特に好きな村上春樹さん、柴田元幸さんの著書についてなど。

サリンジャー氏のご冥福をお祈りします。

2010-02-01 | 柴田元幸
本日(2010.2.1)の朝日新聞の朝刊に柴田元幸さんが「サリンジャー氏を悼む」という表題で寄稿されています。

サリンジャーさんは御年91歳だったそうです。「ライ麦畑~」の中でホールデンが「いい本とは、読み終えてすぐその作家に電話をかけたくなるような本だ。」という意味の台詞を話しますが、もし電話番号を手に入れられたとしても、もう永遠にサリンジャー氏の肉声を聞ける機会はなくなってしまいました。

私が初めて「ライ麦畑でつかまえて」を読んだのは20代前半です。
その時は「いい本だな」とは思ったのですが、すでに社会人だった(大人の領域に入っていた)ため、「10代に読んだほうがもっとその後の生き方を変えかねないように、心にずんときただろうな」とも感じました。
今思うと、野崎さん訳のホールデンは「べらんめえ」口調なので「大人はわかってくれない」的少年の匂いが強かったのだろうと思います。
03年に出版されている村上さん訳の翻訳は「いい家庭の子」的な口調ホールデンなのでまた印象が違います。
現代の10代の人たちは村上さん訳ホールデンをどう感じて読んでいるのでしょうか。

柴田さんは記事の中で「(サリンジャーが時代を超えて読み継がれているのは)ありていにいえば、自分がいまここにこうして在ることへの違和感・いらだちといった、むろん若者にありがちではあれ、決して若者占有ではない相当に一般的な思いが、「キャッチャー」や「ナイン・ストーリーズ」のせわしない、自意識過剰気味の語りを通して伝わってくるのではないか。」と語っています。

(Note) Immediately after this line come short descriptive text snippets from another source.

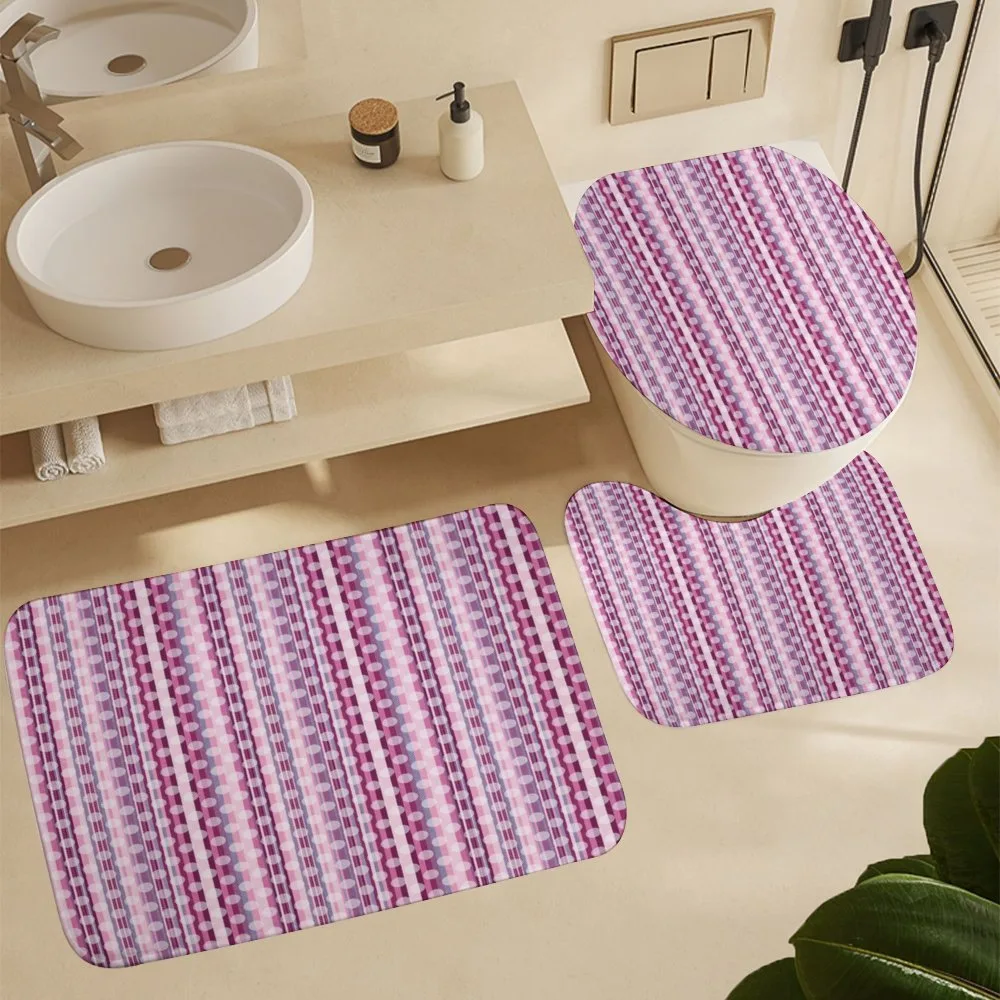 Barcode Stripes and Dots — Detail 5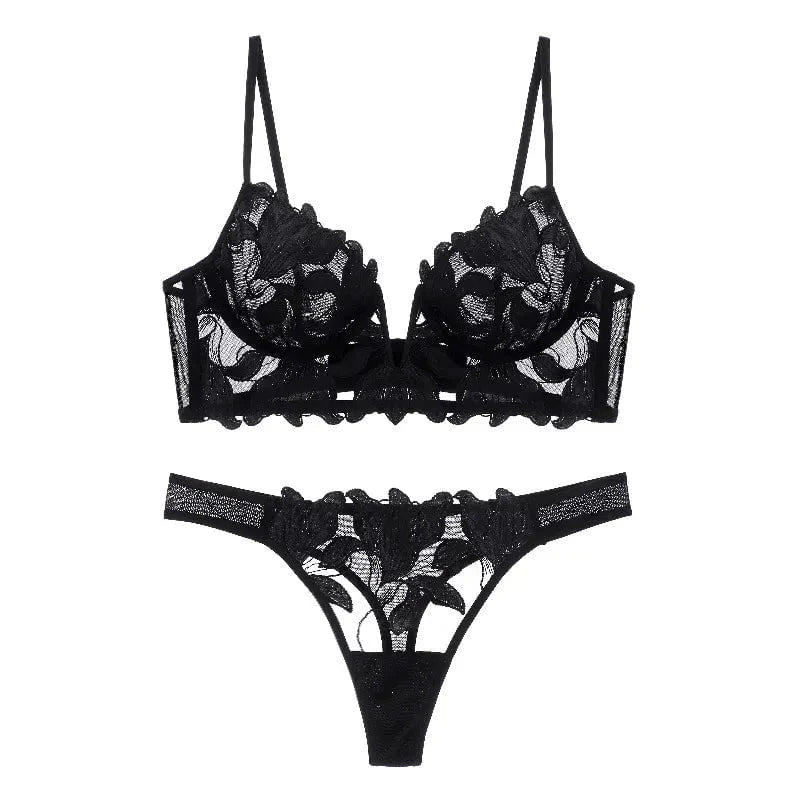Ambre | Ensemble de lingerie
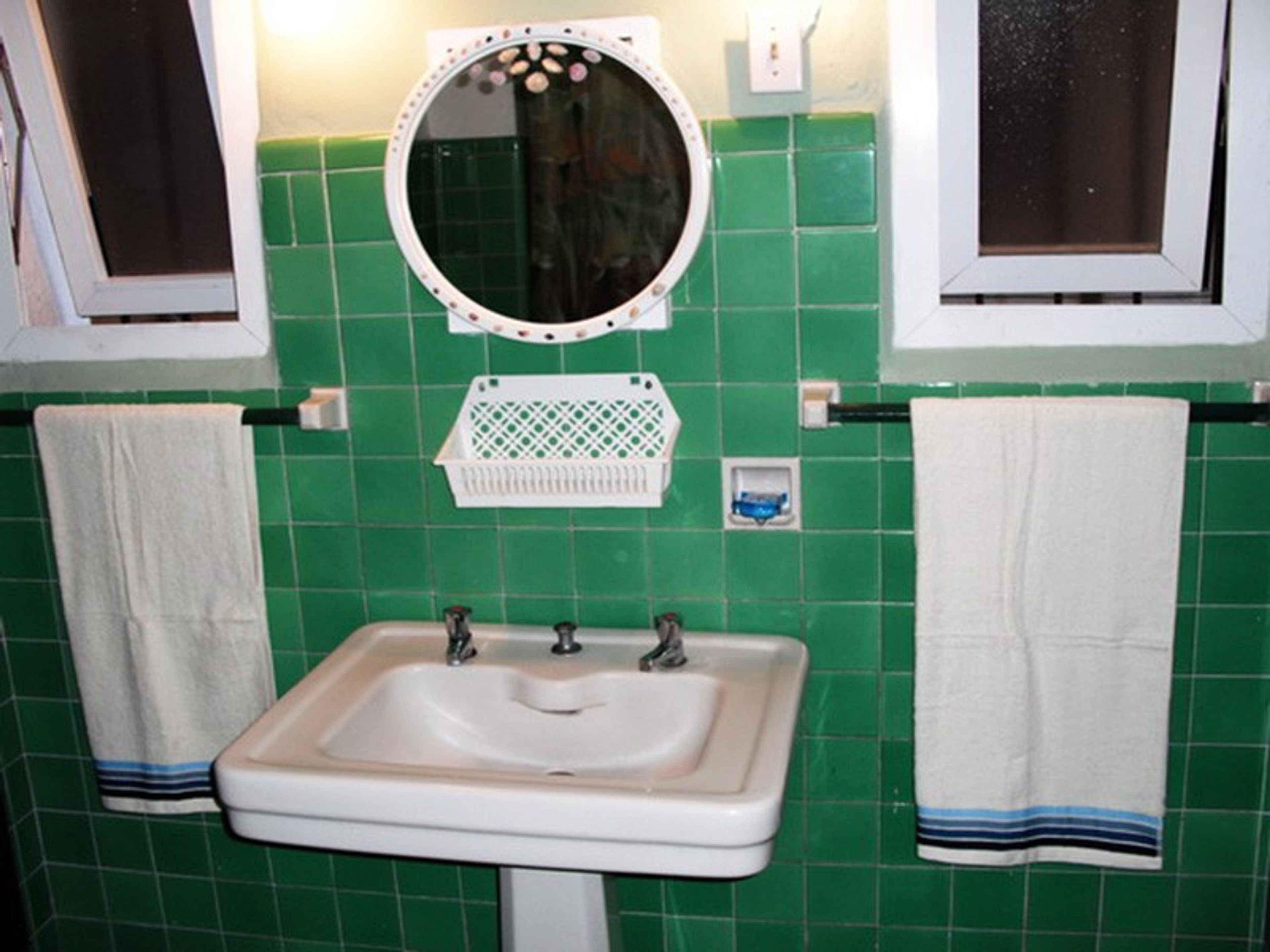 Дом M&M, CALLE 21, No. 1364 - Bathroom's view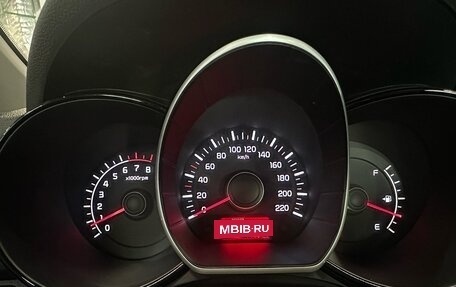 KIA Rio III рестайлинг, 2017 год, 934 000 рублей, 10 фотография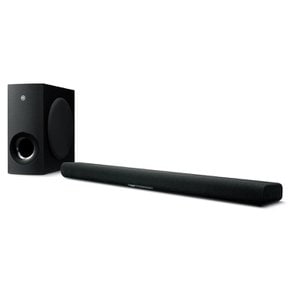 야마하 SR-B40A 돌비 애트모스 사운드바+무선 서브우퍼(블루투스 TV 스피커 eARC)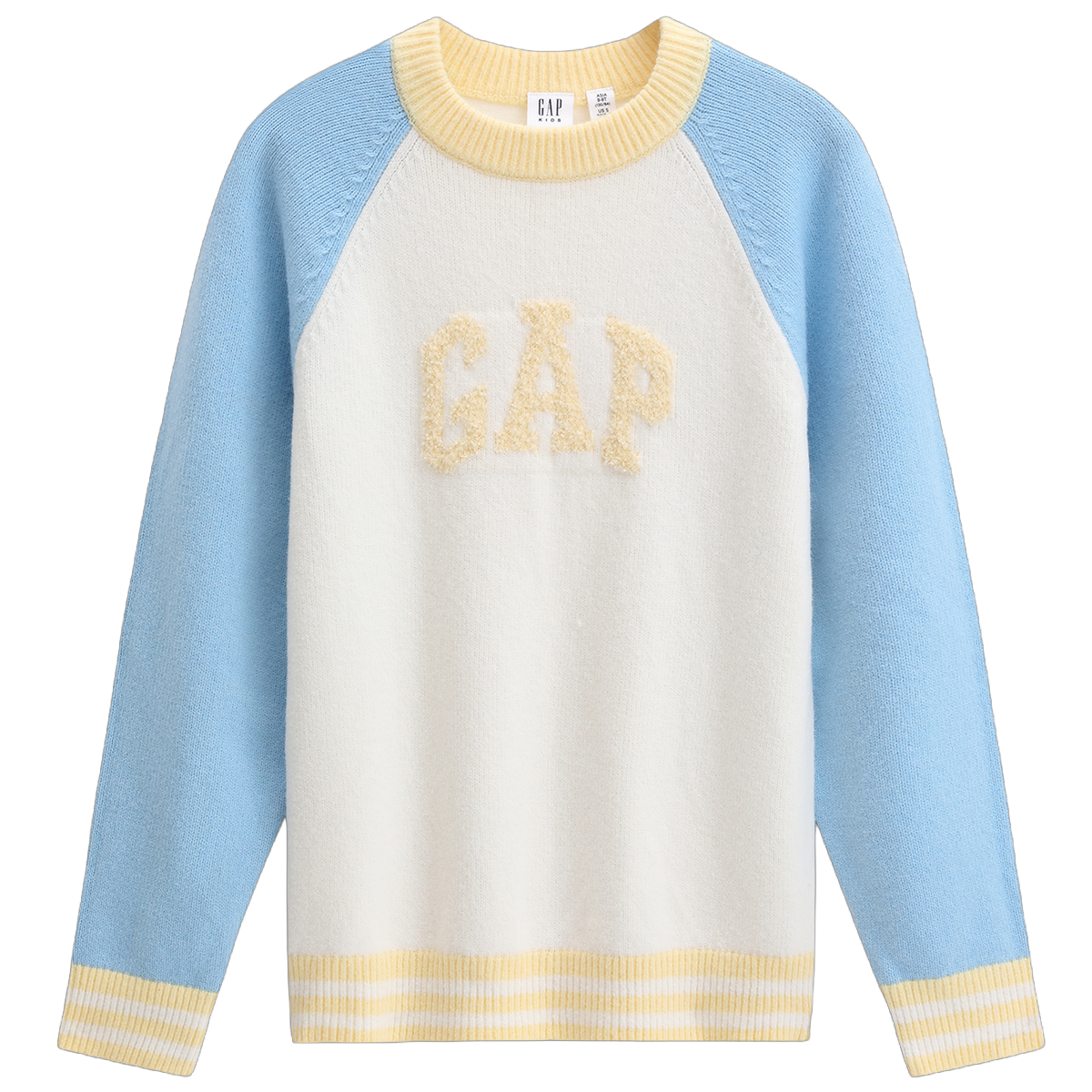 Кофта GAP (сине-белая)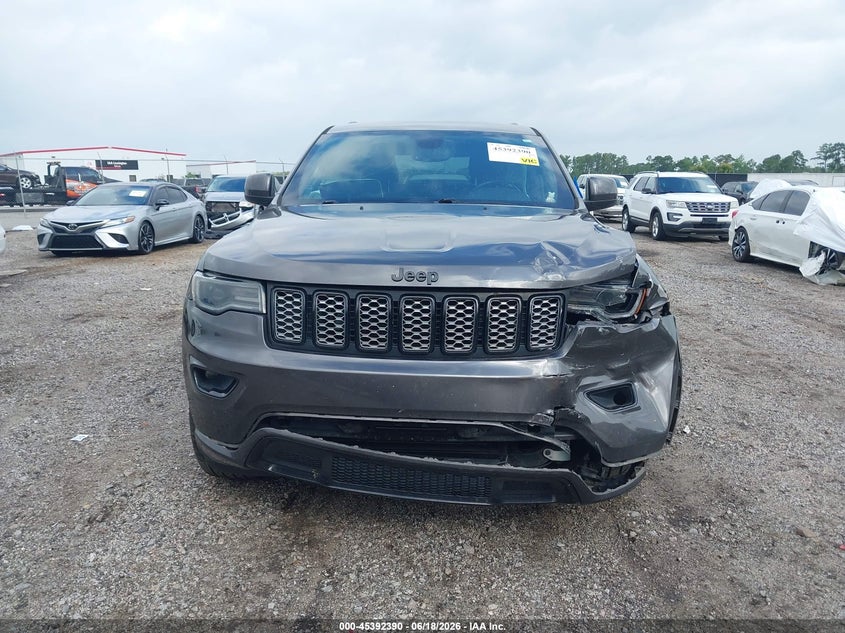 JEEP GRAND CHEROKEE - zdjęcie 12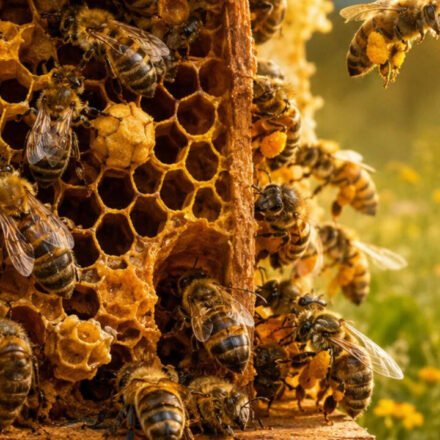 Scientists studying the brains of bees have discovered clues to how colonies coordinate complex behaviors without a central controller, instead relying on many small individual decisions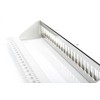 DIGITUS Patchpanel 1HE 24-Port Modular Patchpanel grau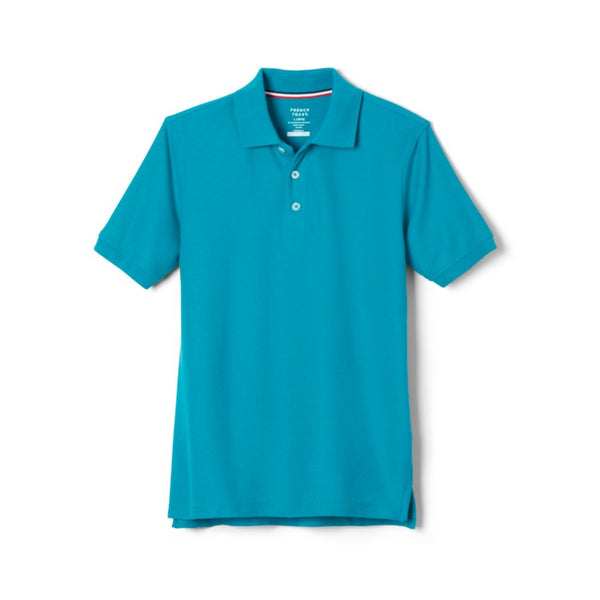 Creative Arts Youth Unisex Emb SS Polo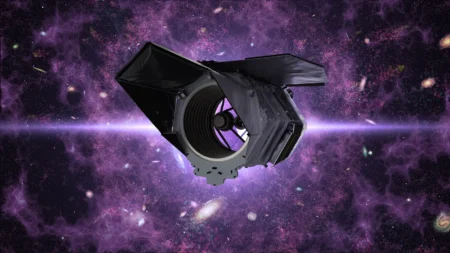 Nancy Grace Roman Space Telescope - NASA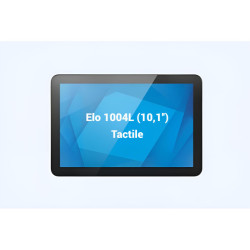 Elo 1004L, sans support, 25,7 cm (10,1''), écran capacitif projeté, 10 points de contact, USB-C, kit, noir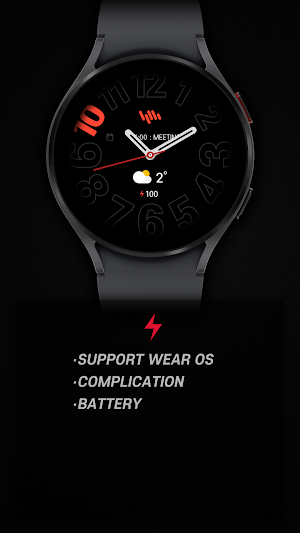 SamWatch Simple Analog 20 2023 Screenshot 1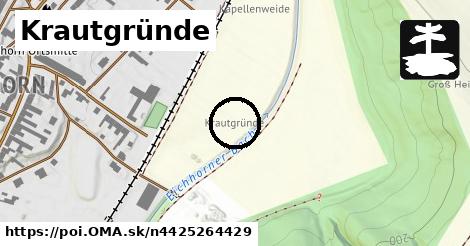 Krautgründe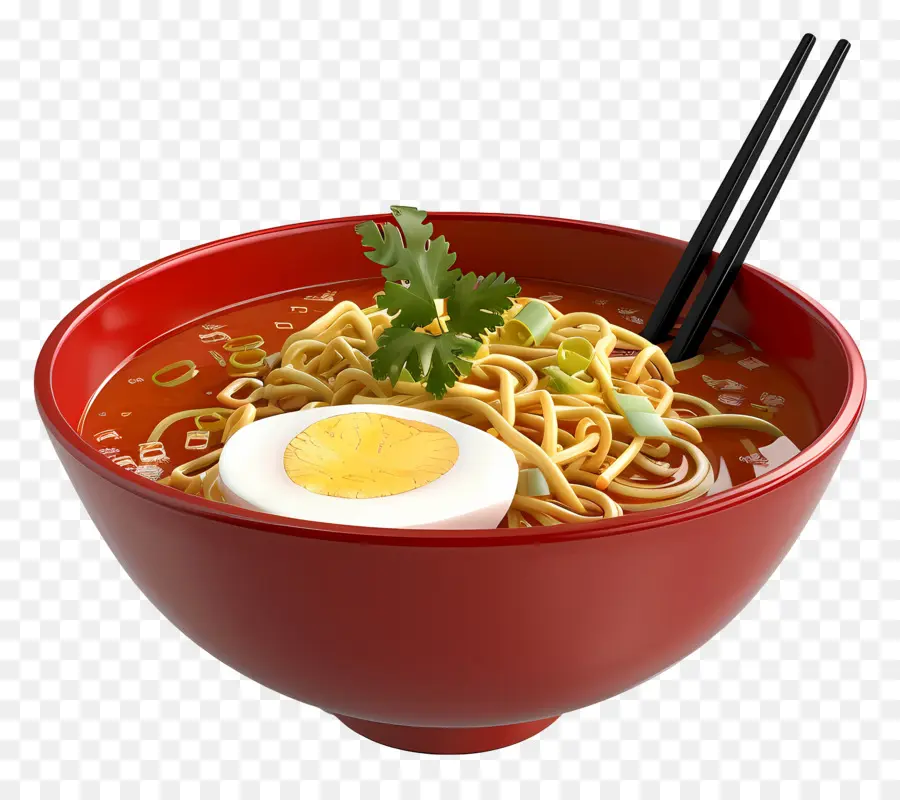 Sopa De Ramen，Tazón De Ramen PNG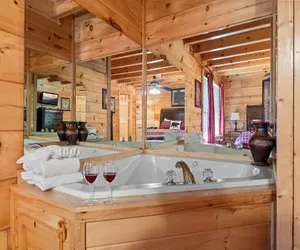 Photo 5 - Deluxe Mountain Cabin in Bear Creek Crossing Resort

サリンジャーの作品は「若者のため」のものだけではない。「キャッチャー・イン・ザ・ライ」、また再読してみようかなと思います。これから読む方は読後に柴田さん・村上さん共著の「サリンジャー戦記」もあわせて読むのもおすすめです。

しかし、あれほどの作品を残された方が、家の中で何も書かずにいたとは正直考え難いので、何かしらの文章を書かれていたのではないでしょうか?
もしあれば当然各出版社の激しい争奪戦でしょうね。(ちょっと不謹慎かな・・・)
今後サリンジャー氏のほかの作品が発表されるのか、気になります。